En el ataque fingido por el chico de Malasaña, con ese ensañamiento grabado en el culo que no fue una agresión, sino la coartada para su infidelidad, el asunto no es que nos hayamos lanzado en tropel a condenarlo, porque era totalmente condenable. El problema es que había demasiada gente deseando creer que era verdad, porque las agresiones falsas no existen. Pero resulta que sí existen. Por eso hay que investigar. Por eso no podemos padecer a unos ministros que repetidamente niegan la presunción de inocencia, mientras el odio descarnado aumenta de potencia, pero no solamente en una dirección. ¿No era odio el ataque con piedras a Vox en Vallecas? Habían ido a provocar, argumentaron entonces Iglesias y Echenique. O sea, ¿un gay tiene derecho a ir por donde quiera -que lo tiene-, y si perteneces a Vox, no, mientras se organizan exaltaciones del terrorismo etarra que sí son admitidas con total empatía? O estamos contra el odio, contra todos los odios, contra todas las violencias, o todo esto acaba siendo una broma terrible.
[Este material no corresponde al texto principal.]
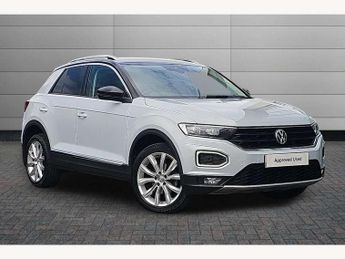 Volkswagen T-Roc 1.6 TDI SEL 5dr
Los discursos de polarización son odio. Convertir el pasado cercano o remoto en un relato simple y maniqueo para enfrentarnos hoy es hurtarnos la posibilidad de encontrarnos mediante un diálogo sin trampas. La llegada a España del Guernica, hace 40 años, fue un cierre simbólico a la Transición no sólo política y civil, sino cultural. Hoy en cambio hablamos de guerra cultural, porque hasta en la cultura resulta difícil entenderse sin que te pongan una etiqueta en la frente. El Guernica y su historia nos sigue emocionando, pero somos peores.

Joaquín Pérez Azaústre es escritor.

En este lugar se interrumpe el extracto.